Tra i pochi capolavori che ho visto in teatro, posso annoverare La vita davanti a sé, tratto dal romanzo omonimo di Romain Gary, adattato per le scene, diretto e interpretato da un bravissimo Silvio Orlando.
Si tratta di una bellissima storia d’amore, di quelle che non ci si aspetta. Un sentimento vissuto nel riserbo, nei gesti, nei pensieri piuttosto che in tante manifestazioni. In piccole intese, in sguardi, in percezioni che solo i diretti interessati riescono davvero a comprendere. Quello che ci descrive Gary fra le pagine del suo romanzo, vissuto dai due protagonisti: Momò – bimbo arabo figlio di una prostituta uccisa – e Madame Rosa – una prostituta andata in pensione che si prende cura del piccolo e di altri bambini considerati “incidenti di percorso” – è un amore che si manifesta anche attraverso timori mai confessati: la paura di perdere chi si ama veramente perché ci verrà sottratto o perché giungerà la morte alla quale bisognerà rassegnarsi. Amore è il desiderio di essere riconosciuti, anche con una punizione. Amare qualcuno vuol dire sottrarlo da un anonimato pesante, che ferisce giorno dopo giorno. Il piccolo Momò non cerca che questo. E anche Madame Rosa. Nessuno dei due, però, lo confesserà all’altro. E in fin dei conti non ce n’è bisogno, perché saranno quei gesti e quegli sguardi condivisi a lungo ad aver parlato al posto loro. Sullo sfondo di questo mondo sentimentale, se ne agita un altro: quello multietnico del quartiere di Belleville, dove la convivenza fra persone di provenienza diversa, tutte povere, è difficile e mai serena.
La complessità del romanzo di Gary è stata perfettamente resa sulla scena dalla riduzione di Silvio Orlando. Il quale, dando la voce al protagonista, Momò, riesce ad evocare tutto il mondo che il grande scrittore francese di origine lituana ha saputo mettere sulla pagina.
Silvio Orlando è stato straordinario nel saper rendere l’innocenza e la sincerità tipiche di un bambino attraverso una recitazione schietta, immediata, priva di fronzoli, senza sovrastrutture. Bastava uno strabuzzamento degli occhi, un’espressione da bimbo pentito in seguito a un rimprovero, un tono di voce improntato alla dolcezza per vedere apparire sul palco non un maturo signore, ma un giovane ragazzino desideroso di abbracci.

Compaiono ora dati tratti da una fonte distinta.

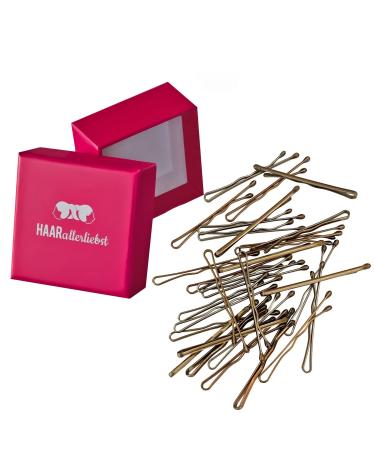 Hair -minded hair clips Little bobby pins mini (50 pieces | Dark gold | 3.4cm short) for blonde hair including box for storage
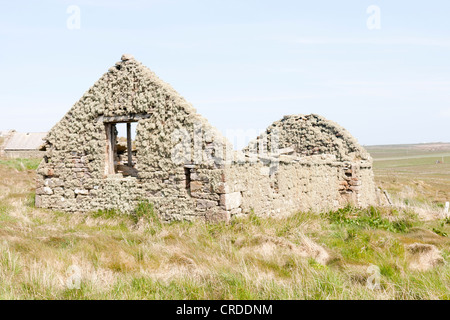 Near Harrabrough, South Ronaldsay, Orkney Isles  Scotland a ruined cottage Stock Photo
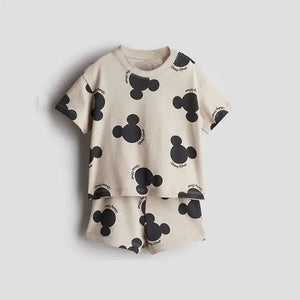 2 Piece Cartoon Print T-shirt and Shorts Set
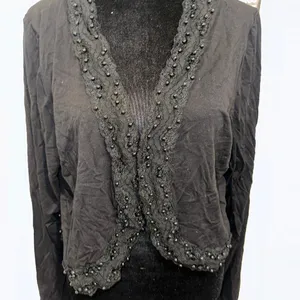 Vintage Black Beaded Long Sleeve Bolero cardigan size xl thumbnail 3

La drammaticità della storia di Momò, la sua malinconica ricerca di un amore che ha vissuto senza mai saperlo e che ha dato a sua volta senza rendersene conto: questa drammaticità è stata stemperata da un’ironia leggera che Silvio Orlando ha portato avanti per tutto lo spettacolo. Perché nel teatro vero, il dramma, anche quello più triste, non giunge mai a colorarsi tutto di nero; ma mantiene sempre una nota di leggerezza e di composta spiritosità, pur raccontando vicende poco piacevoli.
Un capolavoro di recitazione e di drammaturgia, questo di Silvio Orlando. Che giunge all’apice proprio in conclusione di spettacolo con le parole, meravigliose, che suggellano questa splendida storia d’amore: BISOGNA VOLER BENE.